TASK DIRECTIONS
In the listing below, find the line with "Top selling leather" and the line with "Ocean Wave Black Design Tee", then return them and every line between them exactly, minus the pictures.

SUPPLIED RECORDS
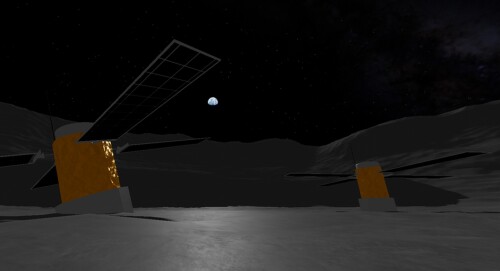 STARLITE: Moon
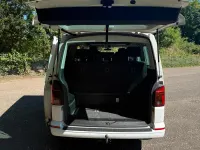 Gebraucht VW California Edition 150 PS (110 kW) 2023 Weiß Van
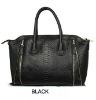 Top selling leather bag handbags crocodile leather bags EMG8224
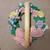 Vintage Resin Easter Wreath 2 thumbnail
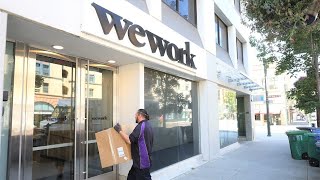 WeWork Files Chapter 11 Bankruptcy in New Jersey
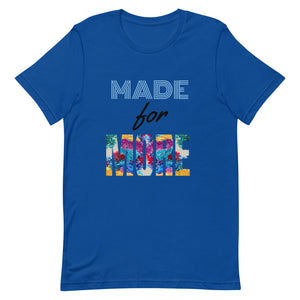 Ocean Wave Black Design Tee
---
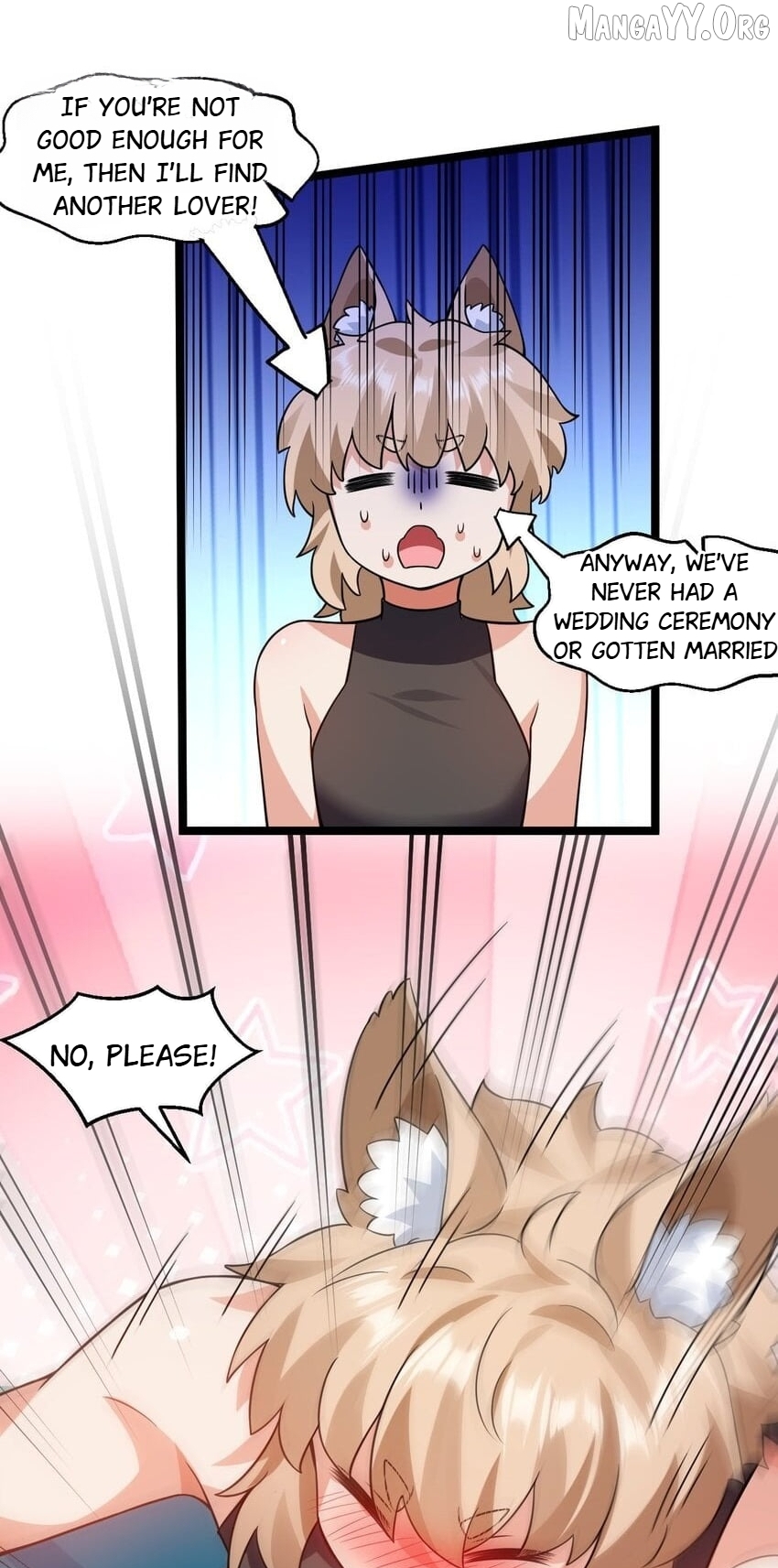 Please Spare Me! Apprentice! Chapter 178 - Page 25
---
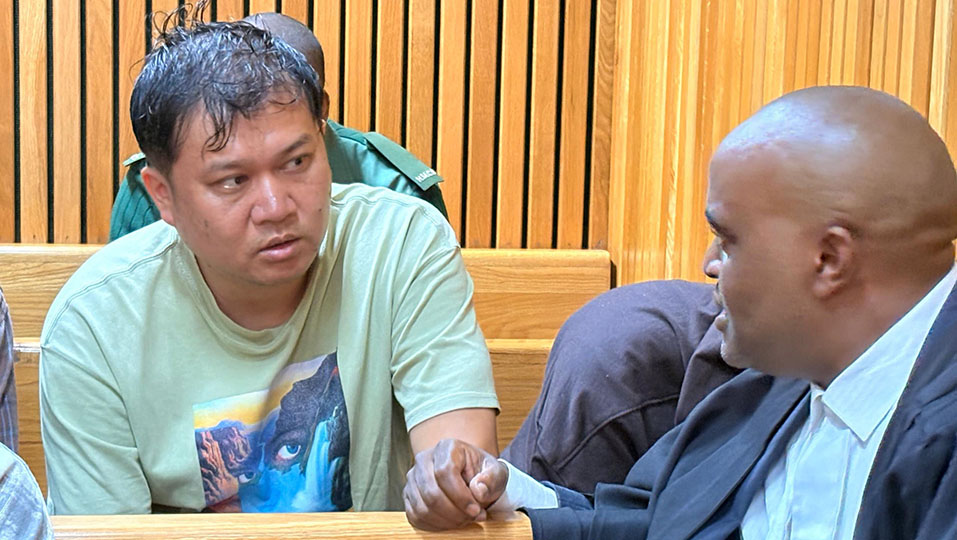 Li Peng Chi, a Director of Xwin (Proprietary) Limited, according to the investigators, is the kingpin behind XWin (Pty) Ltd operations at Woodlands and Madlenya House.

REPLY
 Top selling leather bag handbags crocodile leather bags EMG8224
 Vintage Resin Easter Wreath 2 thumbnail
 WeWork Files Chapter 11 Bankruptcy in New Jersey
 Ocean Wave Black Design Tee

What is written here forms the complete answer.